The plaintiff established, prima facie, that it strictly complied with the 90–day notice requirement of RPAPL 1304 (see U.S. Bank N.A. v. Henry, 157 A.D.3d 839, 841, 69 N.Y.S.3d 656 ; Wells Fargo Bank, N.A. v. Lewczuk, 153 A.D.3d 890, 892, 61 N.Y.S.3d 244 ; Aurora Loan Servs., LLC v. Weisblum, 85 A.D.3d 95, 106, 923 N.Y.S.2d 609 ). The statute requires that the specified notice be sent by registered or certified mail, and also by first-class mail, to the last known address of the borrower (see RPAPL 1304[2] ). Proper mailing may be proven by documents meeting the requirements of the business records exception to the rule against hearsay under CPLR 4518 (see CitiMortgage Inc. v.
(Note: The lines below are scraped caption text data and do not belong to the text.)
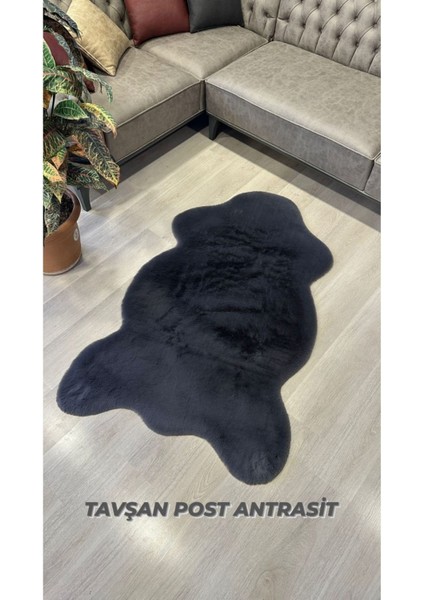 Tavşan Tüyü Antrasit Yumuşak Makinada Yıkanabilir Kaymaz ve Toplanmaz Süet Taban Post Halı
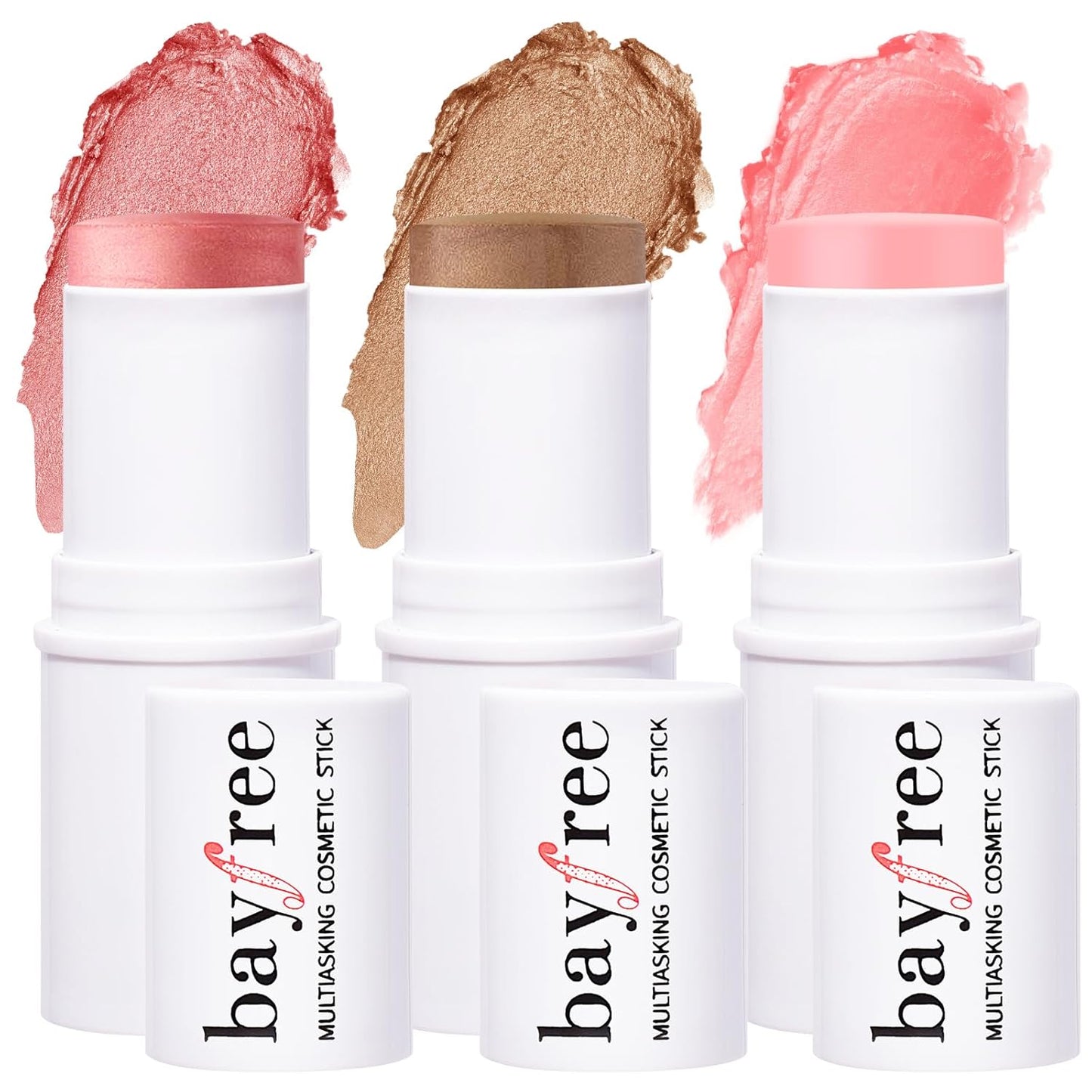 KIMUSE Multi Stick Trio Face Makeup, Cream Blush Stick for Cheeks & Lips, Contour Stick & Highlighter Makeup Sticks for All Skin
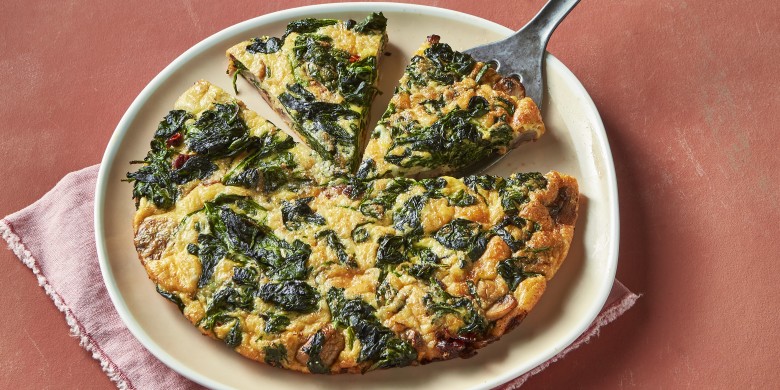 Spinazie-frittata met champignons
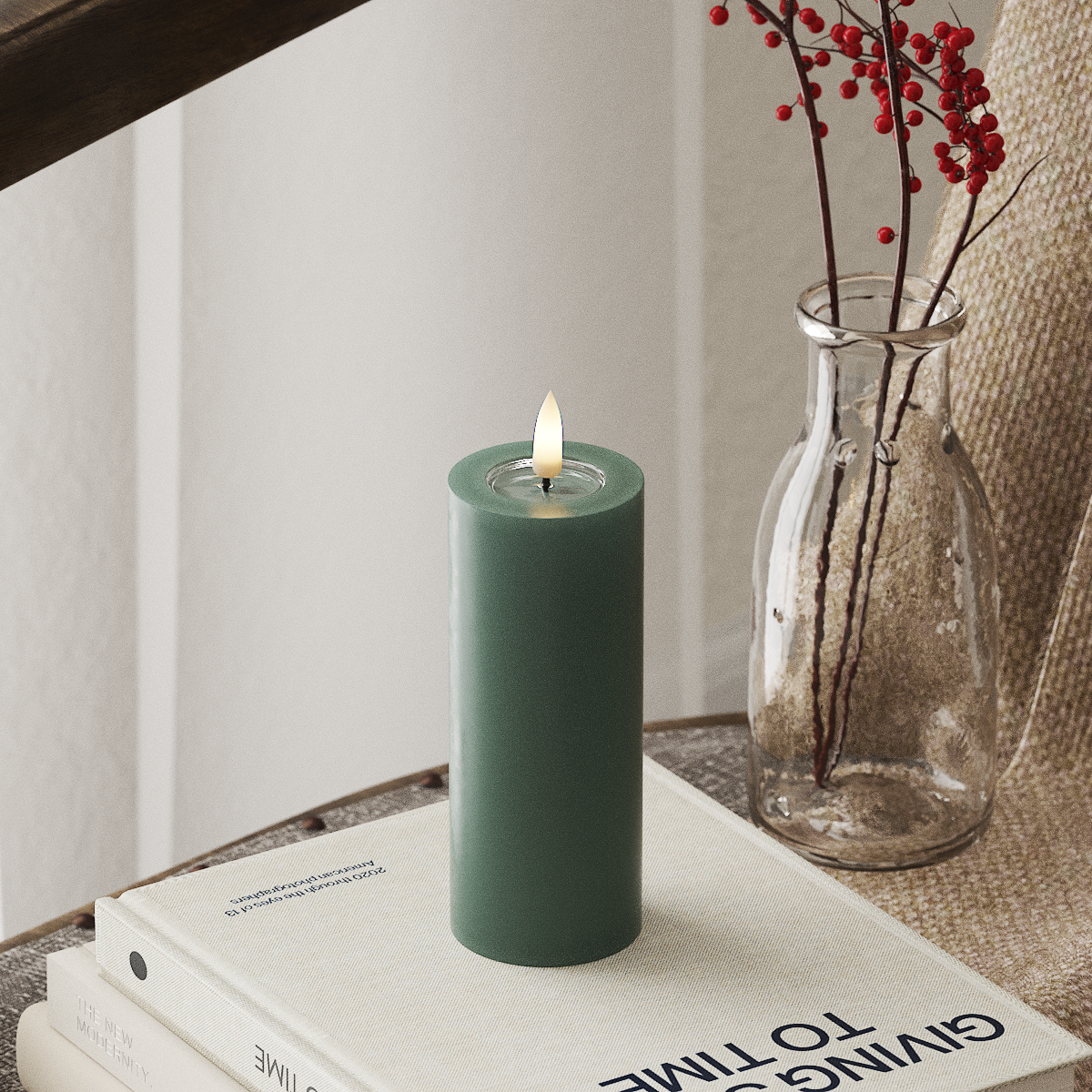 Deluxe Homeart LED Pillar candle Ø 5 x 12.5 cm Jade Green LED Pillar candle 4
Pappas, 147 A.D.3d 900, 901, 47 N.Y.S.3d 415 ). Here, in addition to the affidavit of its employee averring that RPAPL 1304 notices, which were attached to the affidavit, were sent by certified and first-class mail to the appellant's last known address, the plaintiff submitted admissible business records evincing such mailings (see CitiMortgage, Inc. v. Espinal, 134 A.D.3d 876, 878, 23 N.Y.S.3d 251 ). This evidence was further corroborated by tracking information for the mailing and delivery of the notices (see id. at 878, 23 N.Y.S.3d 251 ).
In opposition to this prima facie showing, the appellant failed to raise a triable issue of fact. Furthermore, the same affidavit of the plaintiff's employee and business records established that notices to cure were properly mailed, as required by the mortgages and CEMA.
The appellant's remaining contention is without merit.
Accordingly, the Supreme Court properly granted those branches of the plaintiff's motion which were for summary judgment on the complaint insofar as asserted against the appellant, to strike the appellant's answer, and for an order of reference, and denied the appellant's cross motion for summary judgment dismissing the complaint insofar as asserted against him.
MASTRO, J.P., CHAMBERS, SGROI and MALTESE, JJ., concur.